With all apologies to Rick, Sia is the easy stand-out of the weekend. She facelessly presides over her stage, all wig and dress, as a series of theatrics take place before her. Baffling, obscure theatrics involving phones and desks and panes of glass, projections that don’t work and Hollywood A-listers who may or may not actually be there, we can’t tell. It’s a bold and beautiful set. Every shot that makes it to the big screens looks like something from a music video and her voice, strong and low with just the right amount of rasp, sells 'Diamonds' better than Rihanna does.
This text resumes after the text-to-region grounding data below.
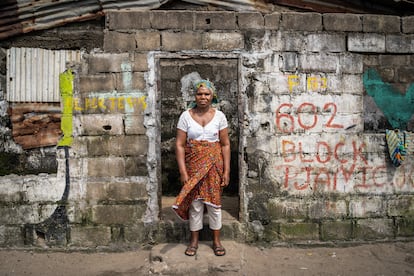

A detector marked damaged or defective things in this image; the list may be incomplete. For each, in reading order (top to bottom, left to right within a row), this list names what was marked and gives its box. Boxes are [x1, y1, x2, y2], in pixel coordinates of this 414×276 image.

rusty metal siding [7, 47, 81, 103]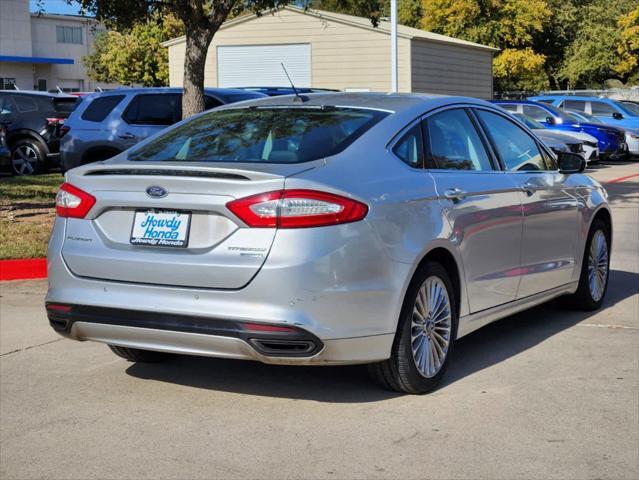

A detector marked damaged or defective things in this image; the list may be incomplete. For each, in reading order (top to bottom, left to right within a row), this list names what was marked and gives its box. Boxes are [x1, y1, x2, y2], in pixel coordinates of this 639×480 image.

parking lot pavement crack [0, 338, 63, 356]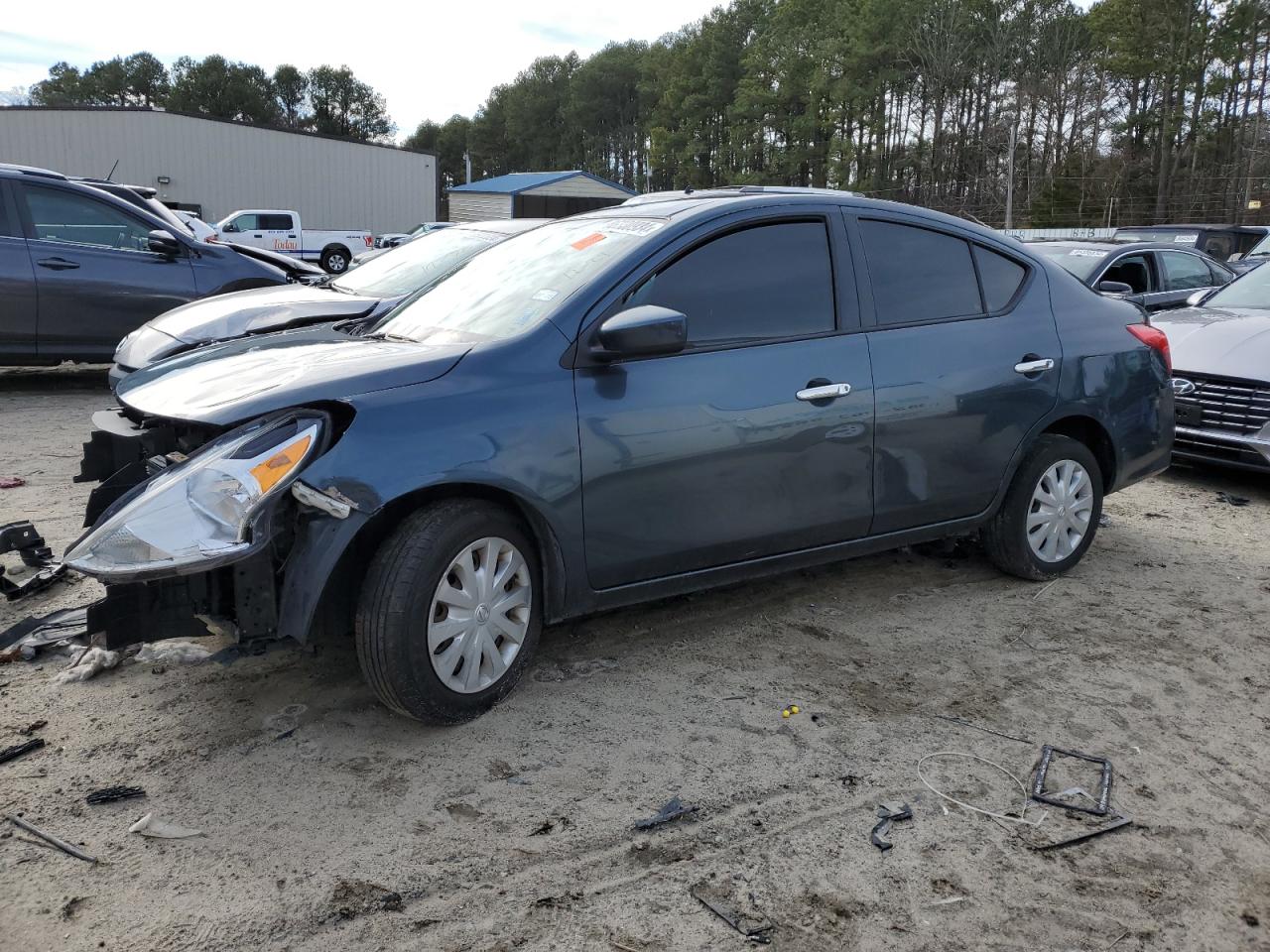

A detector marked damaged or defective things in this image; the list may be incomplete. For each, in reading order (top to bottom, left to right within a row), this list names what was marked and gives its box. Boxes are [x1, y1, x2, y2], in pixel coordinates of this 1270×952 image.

damaged blue sedan [66, 186, 1168, 721]
exposed headlight assembly [65, 411, 324, 581]
damaged front end [71, 411, 363, 654]
broken plastic piece [127, 812, 204, 842]
broken plastic piece [632, 801, 700, 832]
broken plastic piece [873, 801, 914, 853]
broken plastic piece [1031, 746, 1112, 822]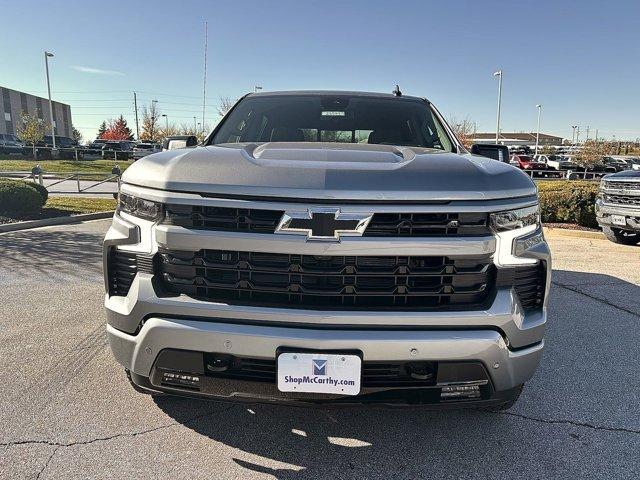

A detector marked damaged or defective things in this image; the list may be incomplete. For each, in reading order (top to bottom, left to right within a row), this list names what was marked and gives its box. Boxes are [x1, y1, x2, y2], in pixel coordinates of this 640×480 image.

parking lot crack [552, 282, 640, 318]
parking lot crack [500, 408, 640, 436]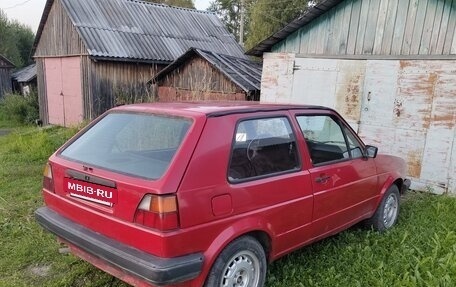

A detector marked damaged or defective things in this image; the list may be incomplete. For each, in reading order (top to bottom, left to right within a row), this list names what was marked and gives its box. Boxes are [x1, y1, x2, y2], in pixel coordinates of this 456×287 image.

rusty metal door [45, 56, 82, 126]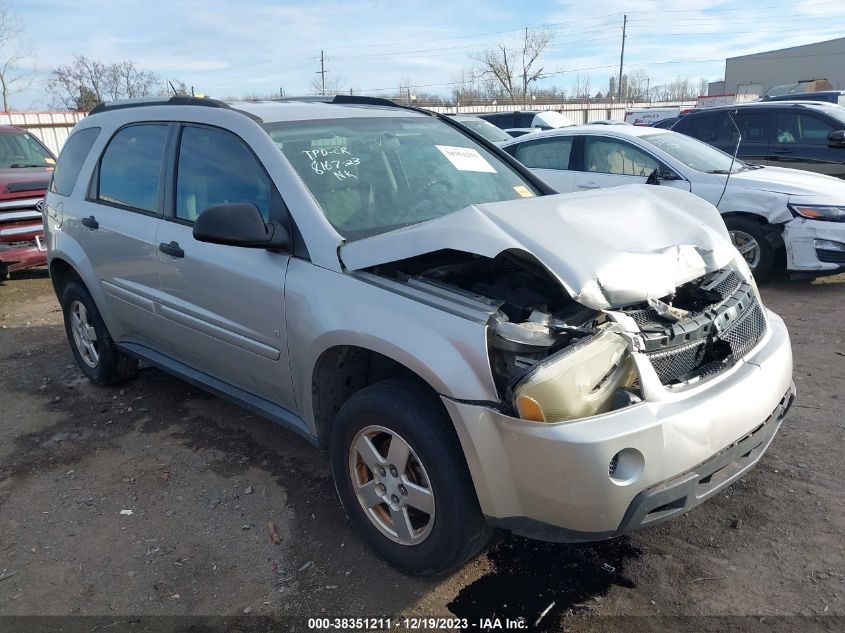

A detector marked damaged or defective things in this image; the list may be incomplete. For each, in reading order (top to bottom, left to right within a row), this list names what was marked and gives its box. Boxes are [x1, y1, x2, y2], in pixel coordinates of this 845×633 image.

crumpled hood [728, 165, 845, 198]
crumpled hood [340, 184, 736, 310]
damaged front end [356, 247, 764, 424]
broken headlight [512, 328, 636, 422]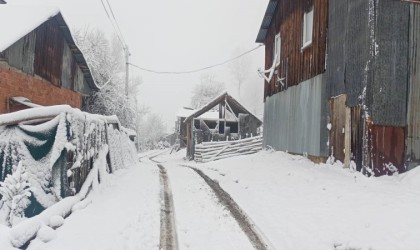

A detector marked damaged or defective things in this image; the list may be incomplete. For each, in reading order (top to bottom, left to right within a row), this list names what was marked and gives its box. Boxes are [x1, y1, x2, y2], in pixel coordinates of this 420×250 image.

rusty metal roof [256, 0, 278, 43]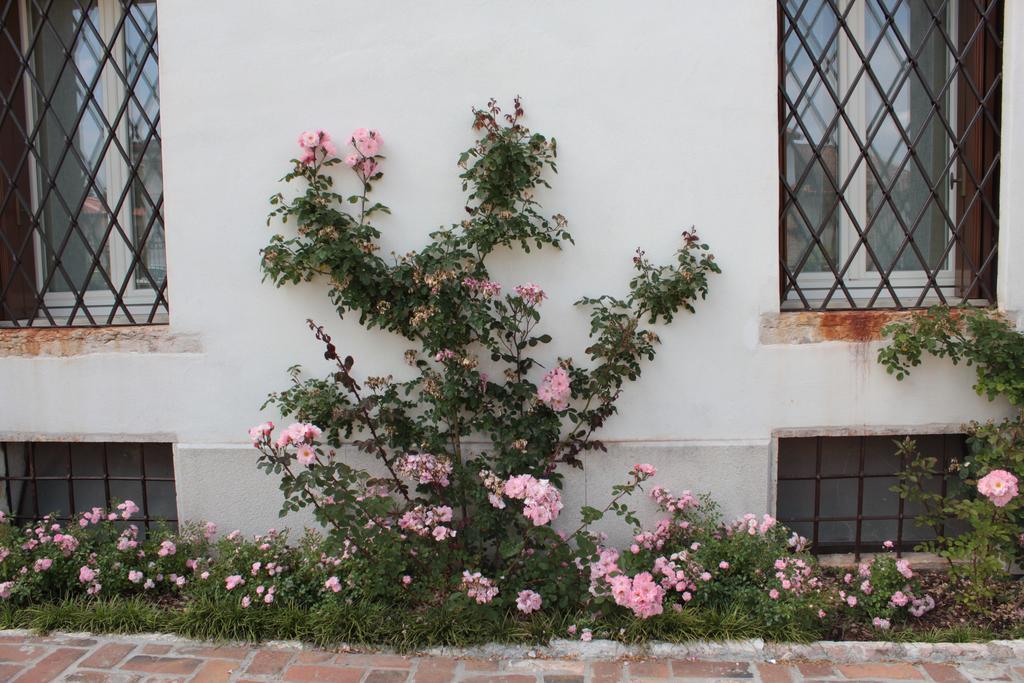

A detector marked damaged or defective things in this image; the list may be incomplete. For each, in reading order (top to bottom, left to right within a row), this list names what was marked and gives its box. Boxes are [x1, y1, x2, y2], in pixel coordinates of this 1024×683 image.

rust stain on wall [0, 325, 200, 358]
It’s not exactly wasted on the V Festival crowd, as they raise their faces to the grey sky and belt out 'Cheap Thrills' and 'Chandelier', but it might be better experienced with a better view and fewer dickheads around.
Of course Rihanna comes out half an hour late. Of course it’s raining while we wait. Of course we all get that thrill running through us when she starts singing and of course you grin and clasp your hands together and think 'She is literally the coolest person alive'. Rihanna is always somehow better and worse than you think she is going to be. She heavily favours the songs from Anti, of which she is obviously proud, but by halfway through the set my attention has wandered and I’m thinking about checking train times and dreaming wistfully of London. The kids out on My First Festival Experiences are still throwing up and passing out and pissing everywhere I look. I am no longer open to new experiences or willing to queue for a drink. A couple is having a blazing row in front of me. Someone is on someone from TOWIE’s shoulders on my left, a drunk girl trips and breaks her ankle on my right. I’m tired of all this. I want to leave this weird and in many ways much worse world, it is too full of young, selfish people and reminds me that I was once young and selfish just like them. Youth. Much like V Festival, I never ever want to go through that again.